Friday, 17 May 2013
Of Religion and Reference
Levi's latest diatribes against religion reminded me of this: "Belief in the Second Coming means many Americans see efforts to tackle climate change as futile"
I'm not sure I agree with him entirely but the above would seem to bear out the general point Levi is making. Indeed, I had a similar reaction when reading through Latour's Gifford lectures. He insists that the religious mode has nothing to do with the mode of reference -- he says that religion is only really about spreading 'Good News' and thus converting strangers to kin within a religious community. But that simply isn't true for the vast majority of Christians that I've ever met (friends, family, acquaintances, etc.). Many and perhaps even most of them really and truly believe that God exists ‘out there’ and that various items of religious dogma are literally and straightforwardly true -- creation, the apocalypse, morality, etc. Their faith may waver -- they may harbour uncertainties -- but that is more of a quantitative distinction than a qualitative one. (In other words, I may be uncertain whether I have any milk left in the fridge but my uncertainty doesn't change the referential character of the truth; likewise, just because someone isn't sure whether or not God exists doesn't necessarily change what they mean by 'exists.')

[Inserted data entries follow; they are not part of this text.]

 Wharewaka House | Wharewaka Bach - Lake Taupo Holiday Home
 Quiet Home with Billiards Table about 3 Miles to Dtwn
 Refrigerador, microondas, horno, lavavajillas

Of course, Latour is arguing against mainstream Christianity as much as he is against scientism or atheism but the fact remains that his ‘religious mode’ doesn’t describe religious practice as it exists, it rather identifies an essence to Christian religion that is allegedly obscured by the intrusion of other modes, chiefly reference.

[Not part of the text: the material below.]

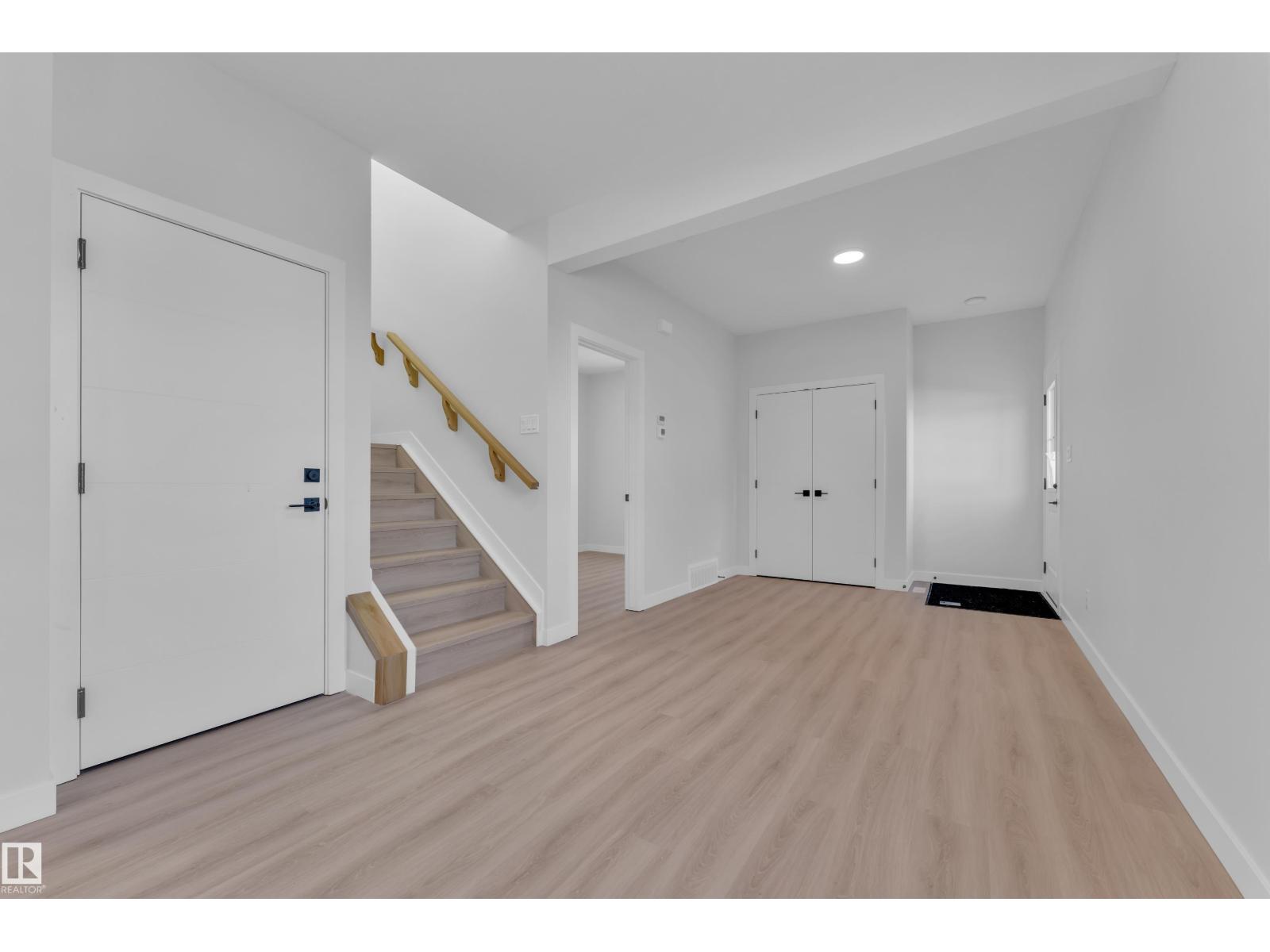 9531/ 9533 115 ave NW, Edmonton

But the simple fact is that most Believers don’t hold intellectualised, philosophised, hermeneuticised religious beliefs but fairly straightforwardly literal beliefs about the actual structure of the world. In my experience, most people operate within a single mode for the most part; the multiple modes idea is more of a partially realised ideal than an accurate description.
An objection that any atheist always runs up against when arguing positively for atheism (and thus against religion) is: 'oh but that's just a caricature of religion, we don't really believe that'. And to an extent that's a valid objection because religion is an enormously varied and complex phenomenon. But at the same time it gives non-atheists unlimited leeway to shift the goalposts -- they can never be pinned down to any particular position; they can always shift the ground of conversation; from existence to meaning to belief, and so on.
So, yes I think Levi is probably arguing against a caricature but (a) that's unavoidable and (b) that caricature does apply quite well to an awful lot of people, as the above article concerning climate change demonstrates.
Thursday, 16 May 2013
You can't spell irreduction without reduction
Levi Bryant writes a mixed piece on irreduction as a concept. At first he regrets previously adopting the concept in is 'Ontic Principle' it but then he goes on to defend irreduction anyway.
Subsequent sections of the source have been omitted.